Recent research has greatly improved understanding of gender issues in the rural transport context but so far there has been little research on the gender dimension in Asian urban transport. This is of vital relevance for poverty issues and must be quickly remedied, since women are estimated to account for 70% of those living in poverty worldwide (UNDP, 1995). The growing literature on women and transport has also clearly shown that they tend to have different travel needs deriving from the multiple tasks they must perform in their households and in their communities (Grieco and Turner, 1997). Low-income women tend also to be dramatically less mobile than men in the same socio-economic groups (Dutt, et al., 1994). They are more dependent on walking and tend to have less access to any bicycles or motorcycles in a household. Social restrictions hinder women's mobility in many cultures (Gopalan, 1998). Efforts to increase the mobility of poor women may face stiff resistance from those who feel threatened or offended by such direct empowerment of women (Hook, 1998). Sexual harassment (and worse) in streets and on public transport has been mentioned above. Since many more women than men are the care-givers of frail-elderly people, people with disabilities and of children, the transport problems of these disadvantaged groups also impact disproportionately on women. Poverty, of course, compounds each of these disadvantages. Urban transport planning must quickly become gender aware, beginning with the routine collection of gender disaggregated data in surveys. Gender needs to be "mainstreamed" in the transport planning process. It is not enough to just discuss gender as an afterthought. Efforts to promote meaningful public participation also require special attention to allow the voices of women to be heard.

12. Children

There are also several linkages between transport and urban children. Even in high-income contexts it has been noted that children's independent mobility has been progressively curtailed as motorisation has increased (Hillman, Adams and Whitelegg, 1990; Tranter, 1993). Access to school is a vital issue for low-income children (especially girls, who shoulder a greater burden of home-based work). Poor school location or a lack of affordable mechanised transport may be important barriers to school attendance by many poor children who generally have no choice but to walk to school. Children are vulnerable to the ill effects of air pollution, especially lead. The campaign to remove all lead from gasoline is a transport intervention of great importance for children's health. Many countries have not yet taken this important step. Children are also more vulnerable to the effects of noise pollution than adults. Traffic danger is also an extremely serious issue for children who are much less capable than adults of dealing safely with traffic as pedestrians or cyclists. Safety campaigns which place the onus for safe road behaviour on parents or children themselves are very unlikely to have any impact on accident rates for low-income children.
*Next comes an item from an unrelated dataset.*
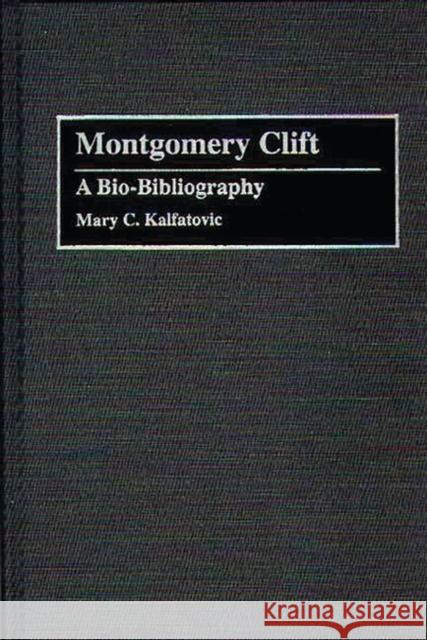 Montgomery Clift: A Bio-Bibliography Kalfatovic, Mary 9780313286032 Greenwood Press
Children need traffic-free or traffic-calmed public spaces and these are usually particularly lacking in low-income areas. For various reasons, poor children face these issues more strongly and directly than higher-income children. For example, low-income settlements are often exposed to greater vehicular air and noise pollution. Children employed as street vendors face dangerously high levels of exposure to pollution, traffic danger and noise.

13. Traffic safety

Rates of casualties per kilometre of vehicle travel are extremely high in low-income and middle-income cities (many times the rates in high-income cities) (Ross Silcock Partnership, 1991) and in middle-income cities with moderate motorisation (such as in Malaysia, Korea, Taiwan or Thailand) this translates into the world's highest road casualty rates of over 20 deaths per 100,000 persons per year (Kenworthy, Laube, Newman and Barter, 1997). The urban poor are especially vulnerable to traffic danger. In low-income cities, vulnerable road users (pedestrians, bicyclists and motorcyclists) comprise a high proportion of road fatalities (Downing, 1991) and the poor are disproportionately represented in these vulnerable road user groups. Car occupants are a tiny proportion of road deaths in low income cities. There is an urgent need for greater attention to the safety of vulnerable road users, using such measures as control of vehicle speeds, safer vehicle exteriors, conspicuity of non-motorised vehicles and motorcycle users and locally-appropriate (and affordable) traffic calming techniques (Mohan, 1996). It is important that measures that are supposed to improve the safety of vulnerable road users do not unduly restrict their mobility or discourage walking or cycling (Adams, 1985; Hillman, et al., 1990). The over-use of pedestrian bridges and tunnels in Asian cities is an example. These so-called "pedestrian facilities" speed motorised traffic but they make life much more difficult for pedestrians and curtail the mobility of disabled people, non-motorised vehicles and hand-carts. They also often actually increase the risk of accidents since in most cases many pedestrians will continue to cross at road level.

14. The informal city

Linkages between transport and informal settlements were mentioned earlier in the sections on land-use patterns and shelter. High densities and mixing of land uses were seen to be positive features that minimise the need to travel for the residents of low-income settlements. These features can be retained in upgrading exercises (including those involving land readjustment) rather than completely swept away by eviction and redevelopment. Unfortunately forced eviction and violations of housing rights continue to be rampant in many countries of the region (Fernandes, 1998). Part of the mobility burden that is faced by the urban poor (especially women) relates to the lack of basic services in low-income settlements. Trips to collect water and dispose of waste may be burdensome in many low-income urban settlements and would be rendered completely unnecessary by non-transport sector solutions, such as the provision of these basic services via piped water and efficient collection services (Hook, 1998). Toleration of a vibrant informal sector also reduces the need to travel in many Asian cities by allowing many goods to be sold by mobile vendors, thus reducing the need for household shopping trips. Vendors who use non-motorised vehicles are often themselves poor and will be directly benefited by improvements to the street environment for NMVs. Other important linkages through employment in the informal transport sector are discussed further below.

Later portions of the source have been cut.